Esta tarefa é difícil. Por isso, o Papa se mostra realista, acrescentando: «não se deve atirar para cima de duas pessoas limitadas o peso tremendo de ter que reproduzir perfeitamente a união que existe entre Cristo e a sua Igreja, porque o matrimónio, como sinal, implica um processo dinâmico que avança gradualmente com a progressiva integração dos dons de Deus».
O amor conjugal é uma amizade e muito mais que uma amizade: «É uma união que tem todas as características duma boa amizade: busca do bem do outro, reciprocidade, intimidade, ternura, estabilidade e uma semelhança entre os amigos que se vai construindo com a vida compartilhada. O matrimónio, porém, acrescenta a tudo isso uma exclusividade indissolúvel que se expressa no projecto estável de partilhar e construir juntos toda a existência».

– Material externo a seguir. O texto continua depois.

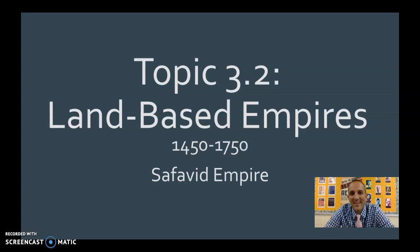What is up, everybody? Mr. Curtis here. Welcome to Topic 3.2. This is on land-based empires from 1450 to 1750.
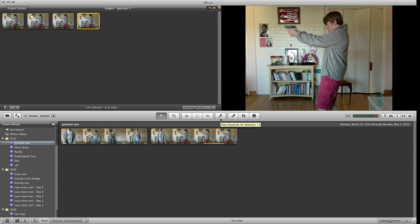Hi, I'm Michael, and this tutorial is on how to do a gunshot effect in basically any editing program. I'm just demoing it in iMovie09.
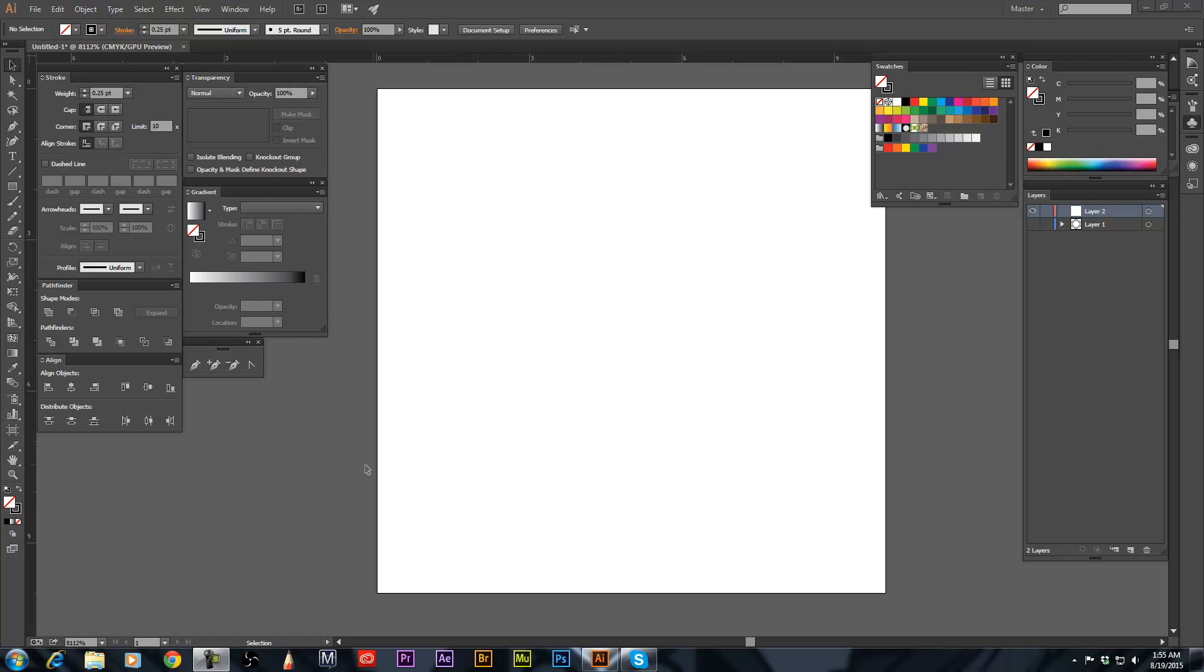Yo what's up guys it's Steve. I'm going to show you really quick how to use the rotate tool. The first thing you want to do is pull your guide lines out if you want to have a center.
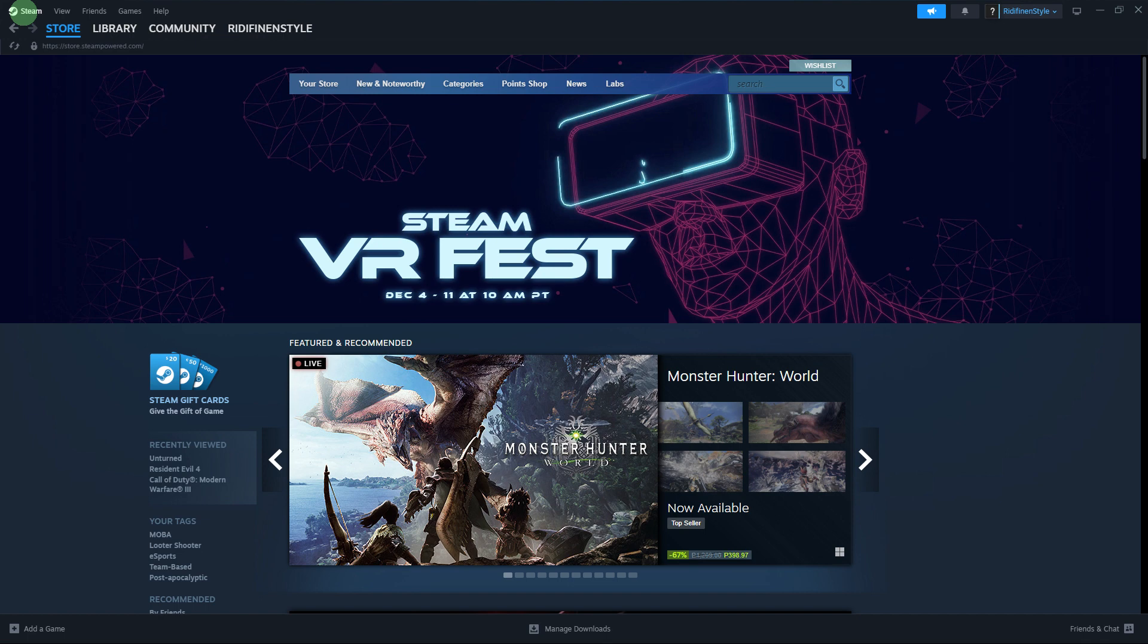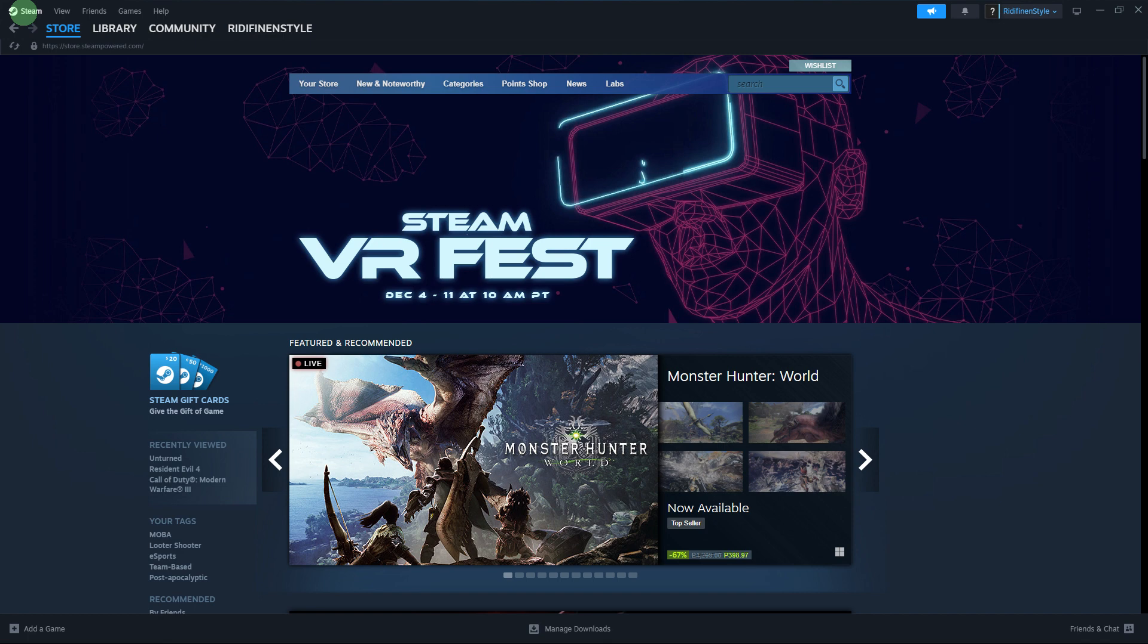As of my last knowledge update in January 2023, there isn't a direct method provided by Epic Games or Steam to transfer or import games from Epic Games Store to Steam. Each platform operates independently and games are associated with the platform where they were purchased.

Observação importante: o carácter de estabilidade definitiva não é um peso acrescentado pela Igreja ao matrimónio, pois que «na própria natureza do amor conjugal, existe a abertura ao definitivo. A união, que se torna efectiva na promessa matrimonial para sempre, é mais do que uma formalidade social ou uma tradição, porque radica nas inclinações espontâneas da pessoa humana». (AL, 123)
É por isso que um amor débil, frágil e provisório não é capaz de assumir a grandeza e a responsabilidade do matrimónio, que exige luta, capacidade de renascer e se reinventar, começando sempre de novo até à morte. (AL, 124) Um amor frágil cede à cultura do provisório e impede um processo constante de crescimento, como o que é exigido pelo verdadeiro matrimónio.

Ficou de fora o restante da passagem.